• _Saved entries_
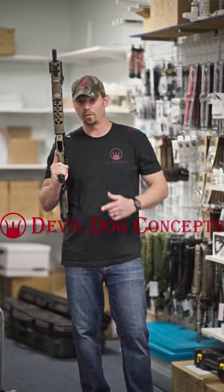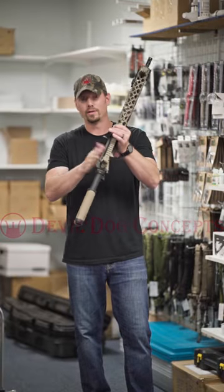Hey, Cameron with Double Dog Concepts here. I want to go over a quick little benefit with the hard charger side charging handle system.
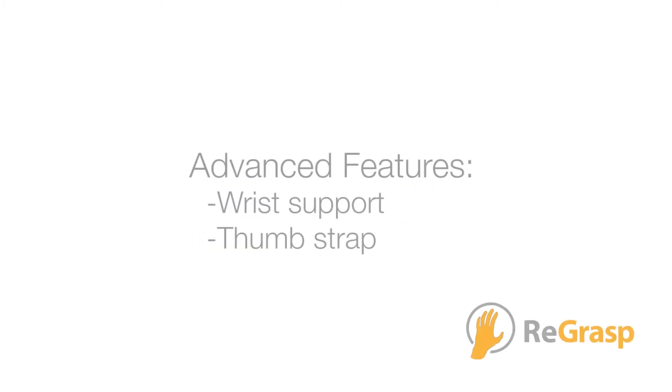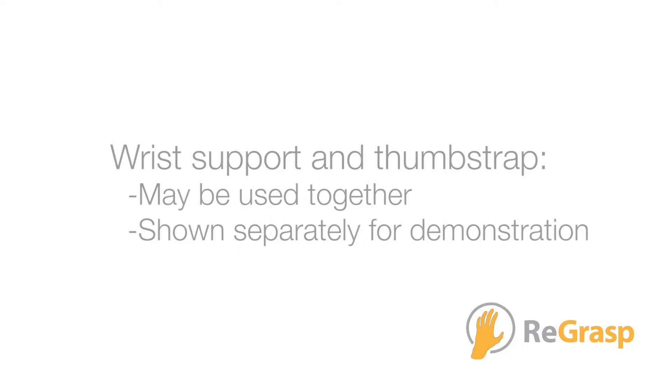In this video, we'll learn how to use the wrist support and thumb strap. The wrist support and thumb strap can be used together. However, for the purpose of demonstration we're only going to show one at a time.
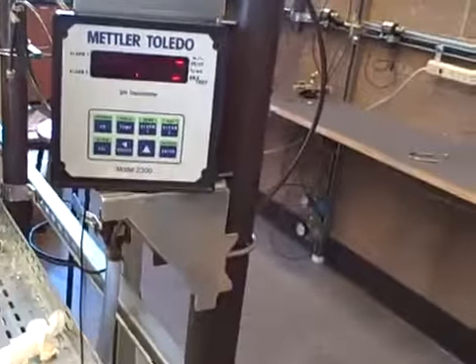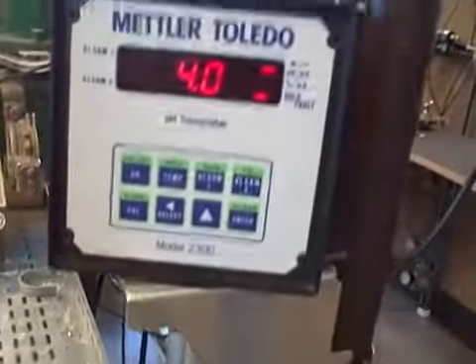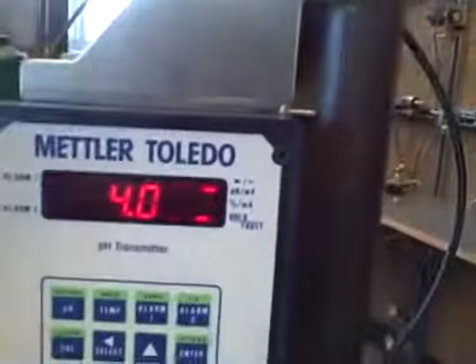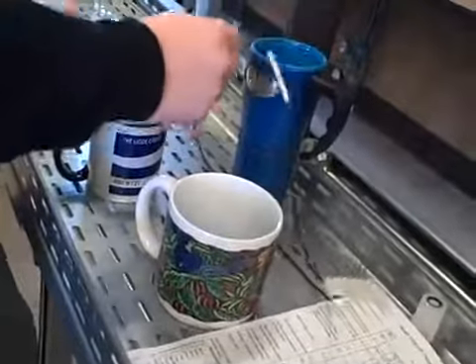Once I have it in there, I push the cal key once to tell it what pH this is. I know from these Omega buffer capsules this is supposed to be a pH of 4, and from that information I will calibrate it to that. I'll enter a 4 here and push enter. I've now calibrated my first buffer zone.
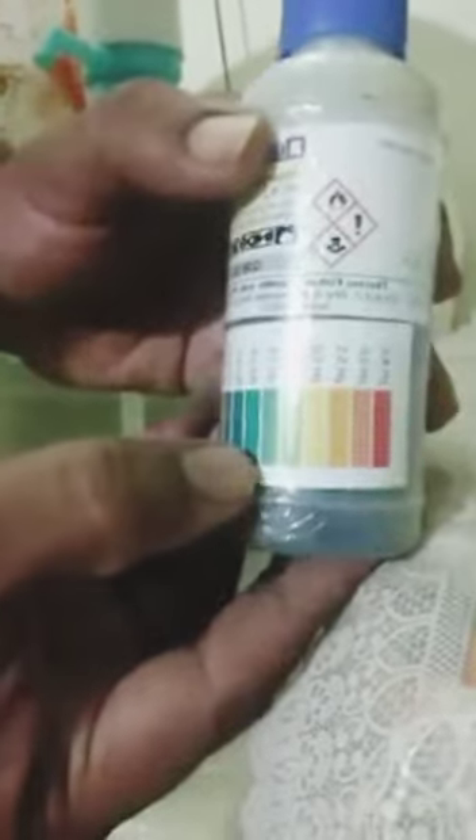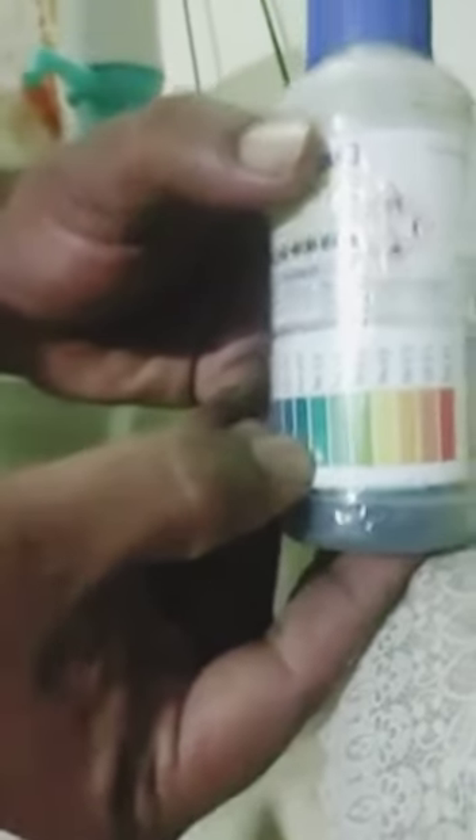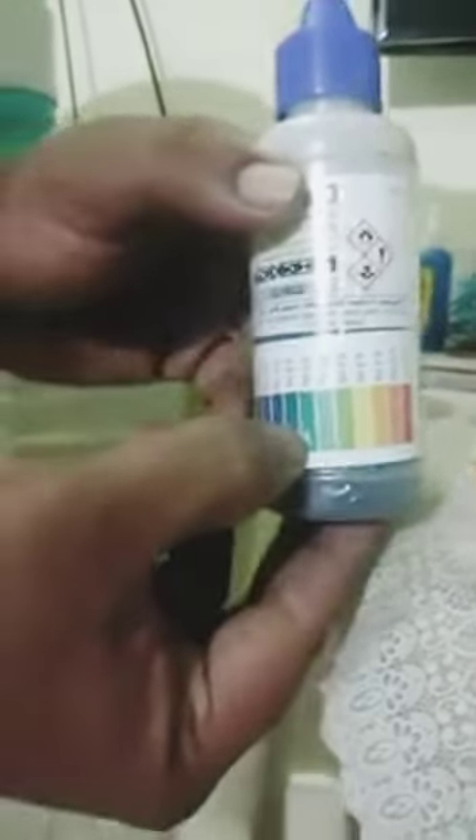So this is acidic. Normal drinking water should have a value around 7 to 7.5, which is neither good nor bad — it is normal drinking water. But the water in the plastic container gave a result of 6.0, which is a little bit acidic, and is not at all good.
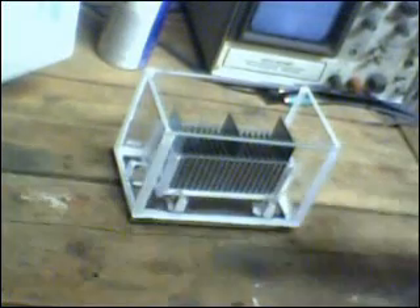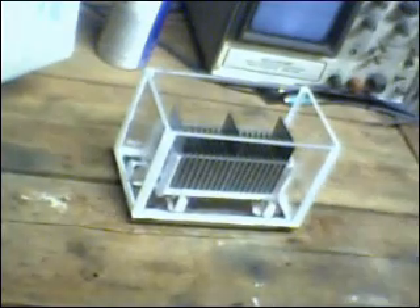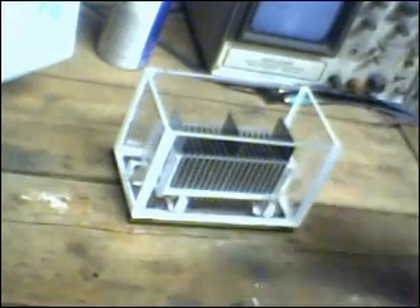Zero Fossil Fuel. Checking in one last time before I call it an evening. I wanted to show everybody the partially completed electrolyte vessel for the S-Cell.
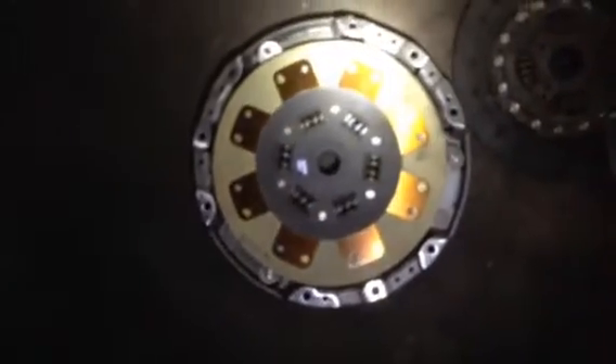This is the factory flywheel. That's the aluminum flywheel — a lot lighter than the factory one. And that is the Spec clutch stage 2 that's going to be going in there.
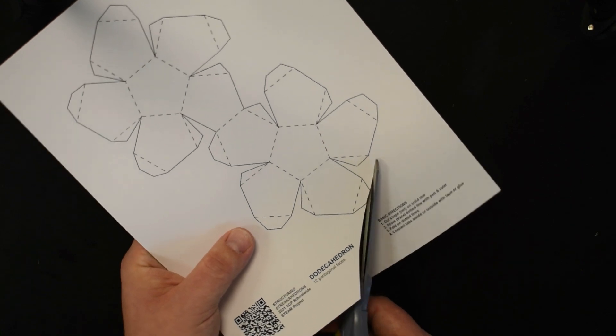Now we can begin assembling our dodecahedron. Looking at the net, we have six pentagons on one side and six pentagons on the other. Imagine that we have two hemispheres of the dodecahedron — this is a three-dimensional shape.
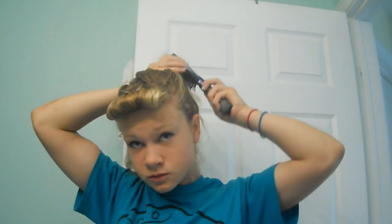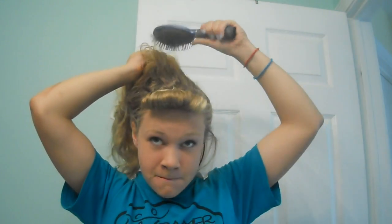Now that I'm done with my victory roll, I'm going to put the rest of my hair in a high ponytail. I'm going to brush it out again and make sure I don't have any bumps — just like you would any regular high pony. I'm not a professional at this, I'm just showing you guys the look I'm going to be wearing for Halloween.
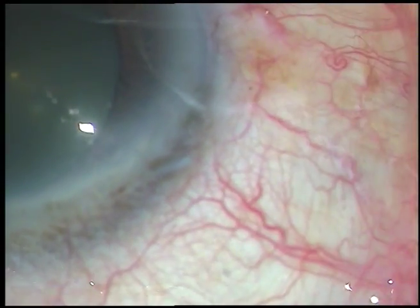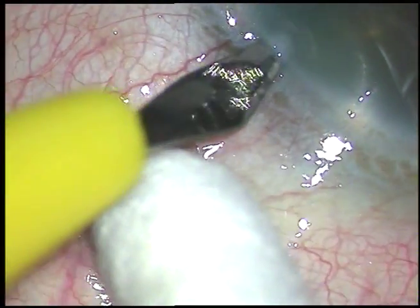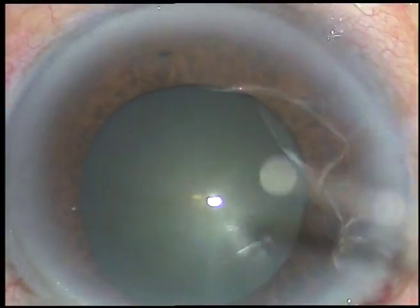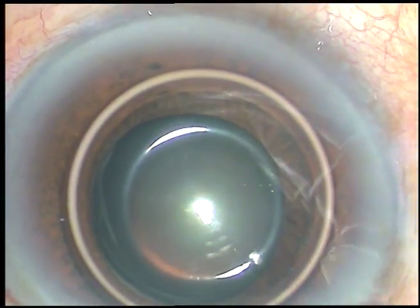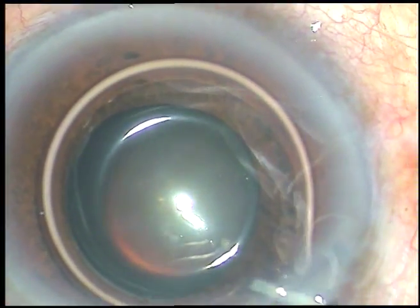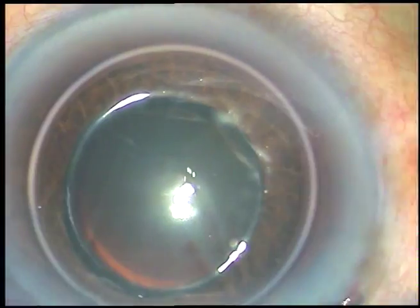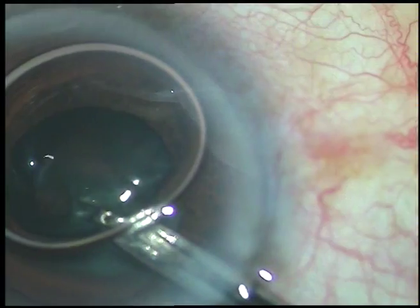I made the main incision and now I am making the side port about 3 o'clock hours away from the main incision. Now, I want to stain the capsule with trypan blue dye because the pupil may get smaller when I go inside the anterior chamber with the tip of the phaco handpiece. At that time I may need to place iris hooks, so it is very important to stain the capsule to identify the anterior capsular rim.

• _Goal of the exercise_
Would you give again, exactly, the lines in the data above that run from the line containing "Now we can begin" to the line containing "Now that I'm"? Include both ends and no pictures.

• _Reply to the task_
Now we can begin assembling our dodecahedron. Looking at the net, we have six pentagons on one side and six pentagons on the other. Imagine that we have two hemispheres of the dodecahedron — this is a three-dimensional shape.
Now that I'm done with my victory roll, I'm going to put the rest of my hair in a high ponytail. I'm going to brush it out again and make sure I don't have any bumps — just like you would any regular high pony. I'm not a professional at this, I'm just showing you guys the look I'm going to be wearing for Halloween.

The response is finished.